What is expected —
Could you transcribe every record below exactly as written, leaving out any pictures?

▽

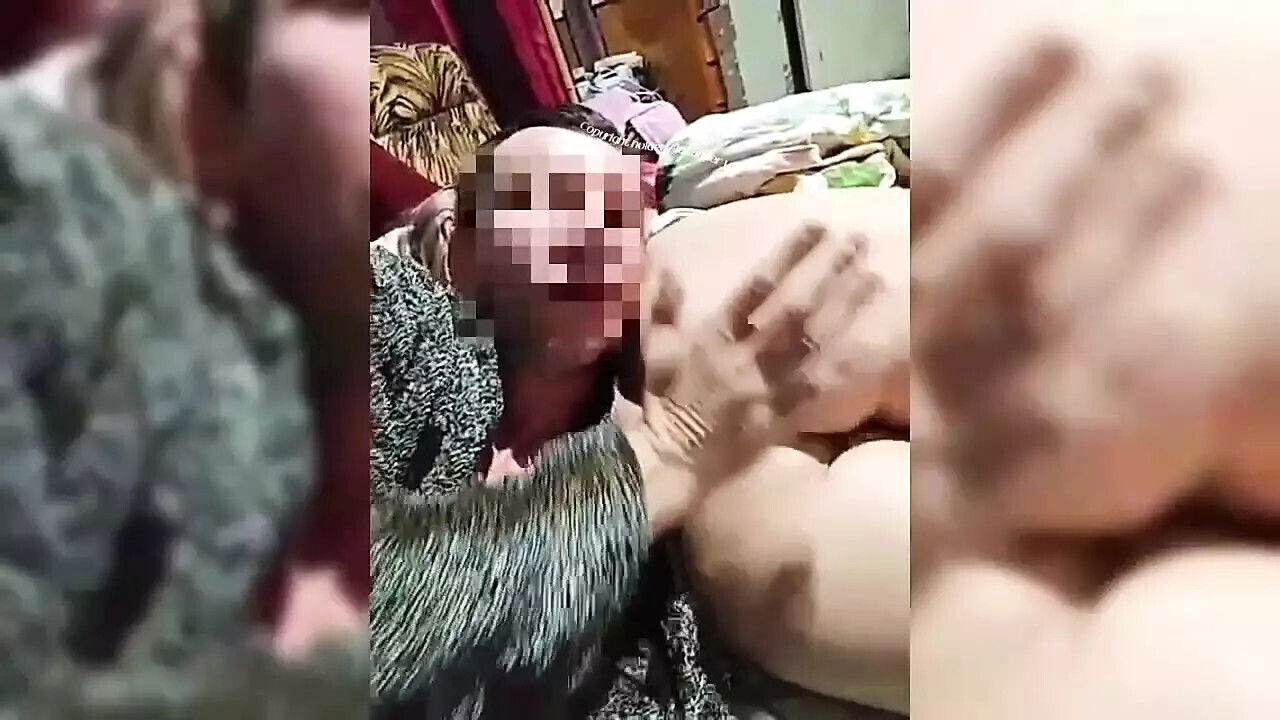 Passionate live! Trailer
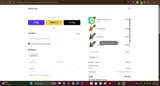 5075 coupon verification screenshot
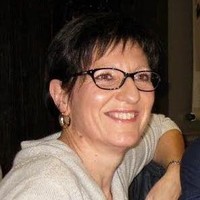 Marianne Gosset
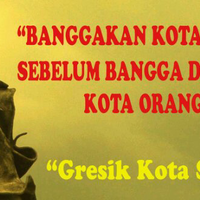 9602-9604-9605-9606-mau-tanya-masuk-sini-semua-topik-9606-9605-9604-9602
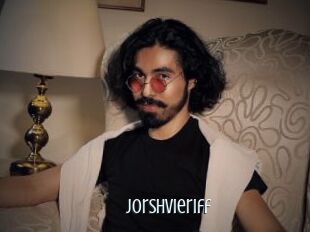 JorshVieriff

△

Result below —
 Passionate live! Trailer
 5075 coupon verification screenshot
 Marianne Gosset
 9602-9604-9605-9606-mau-tanya-masuk-sini-semua-topik-9606-9605-9604-9602
 JorshVieriff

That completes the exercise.